§ THE TASK: The entries that follow should come back exactly, with no pictures among them.

PROVIDED DATA Start Marker

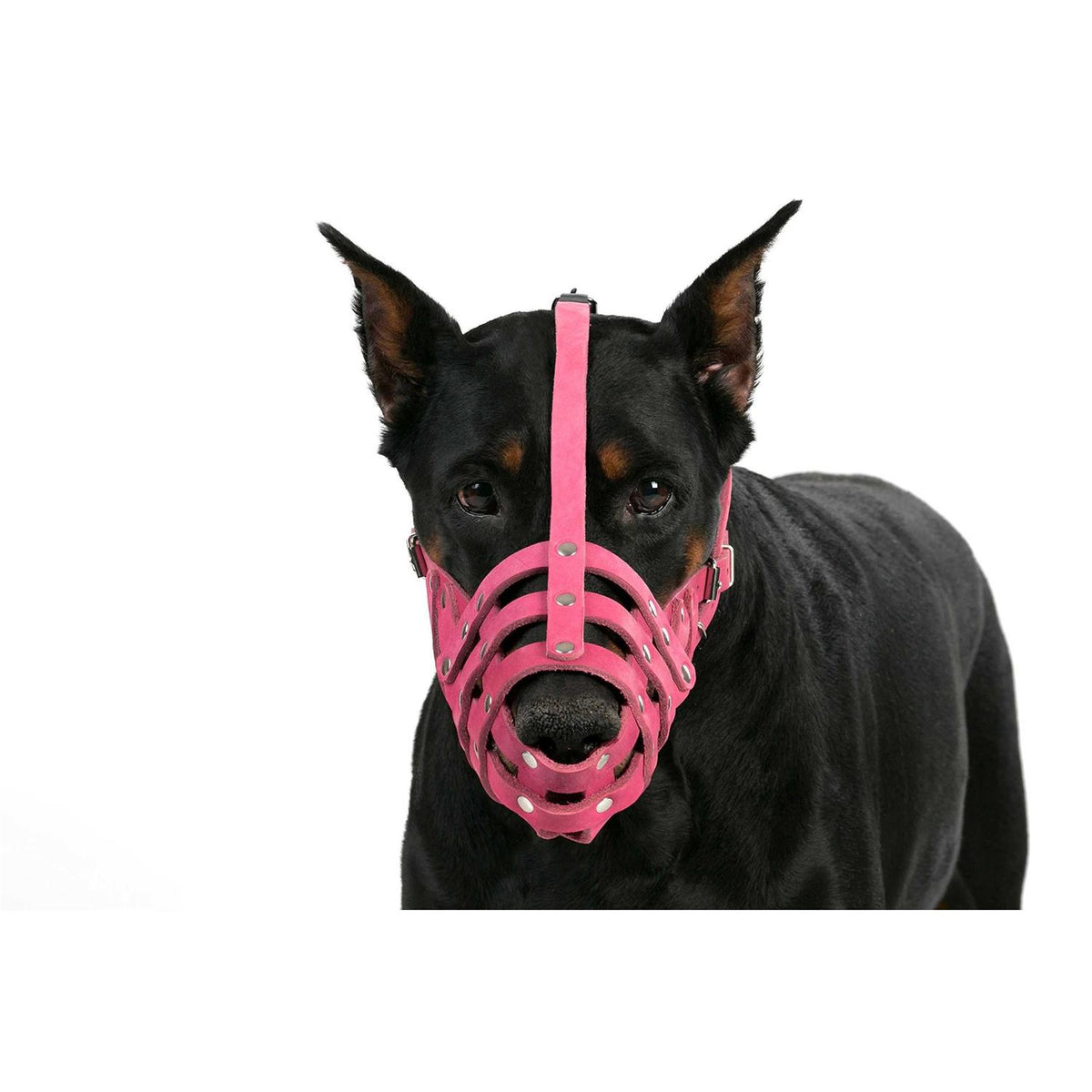 Leather Dog Muzzle Medium Large Breeds I27881
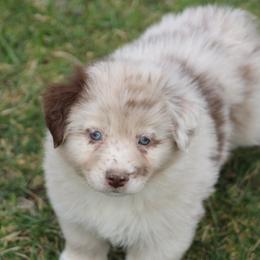 Poppy - Miniature Australian Shepherd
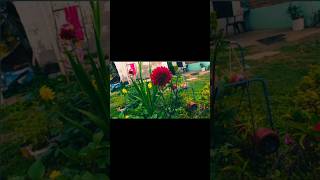 #youtubeshorts #ihavethisthingwithplants #flowers #createvideos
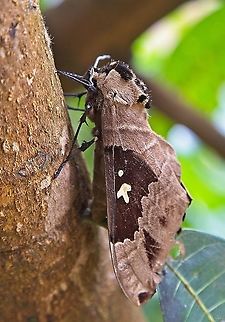 Lophostethus dumolinii (Angas, 1849) Democratic Republic of the Congo,Geotagged,Lophostethus dumolinii,Summer
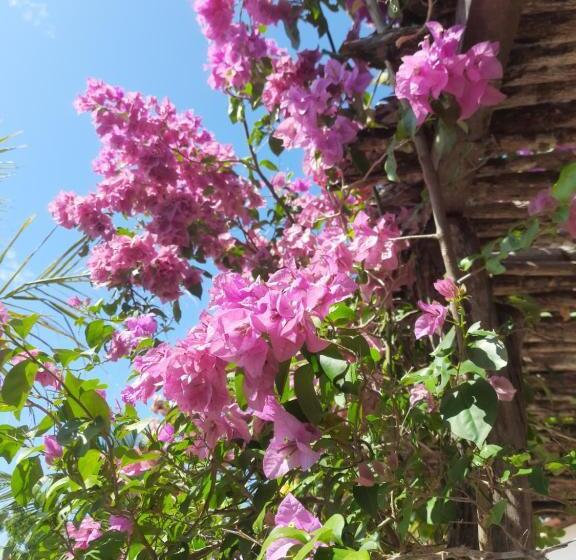 旅馆 The Jungle, Village & Beach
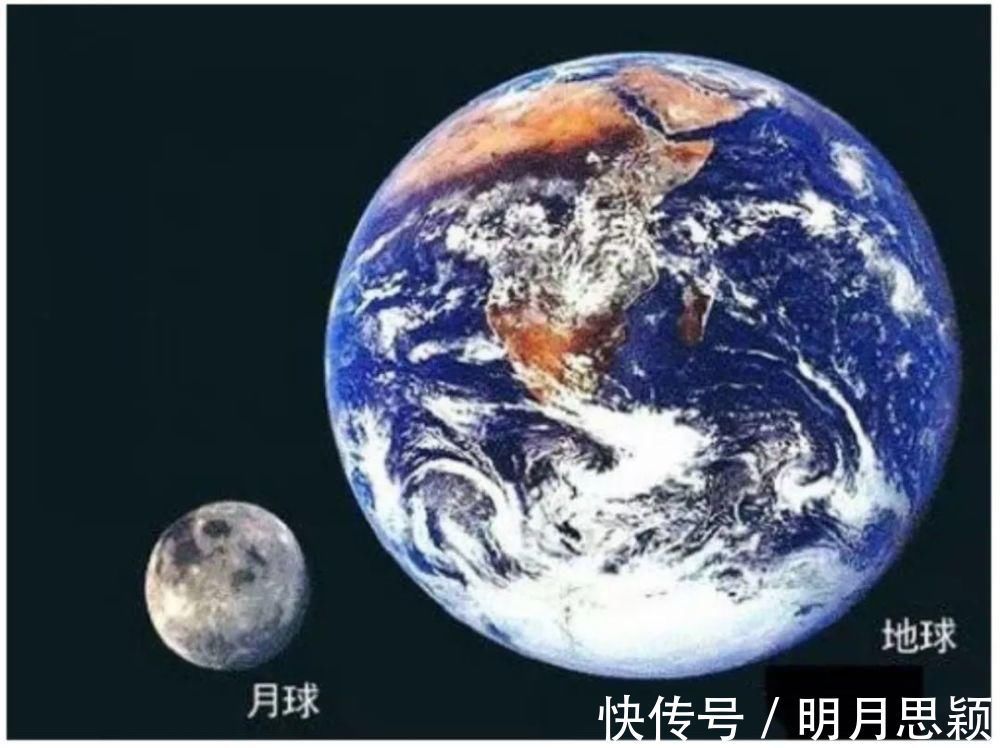 动态平衡&天敬:永恒的对立统一——再读《矛盾论》有感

PROVIDED DATA End Marker

§ SOLVED EXERCISE:
 Leather Dog Muzzle Medium Large Breeds I27881
 Poppy - Miniature Australian Shepherd
 #youtubeshorts #ihavethisthingwithplants #flowers #createvideos
 Lophostethus dumolinii (Angas, 1849) Democratic Republic of the Congo,Geotagged,Lophostethus dumolinii,Summer
 旅馆 The Jungle, Village & Beach
 动态平衡&天敬:永恒的对立统一——再读《矛盾论》有感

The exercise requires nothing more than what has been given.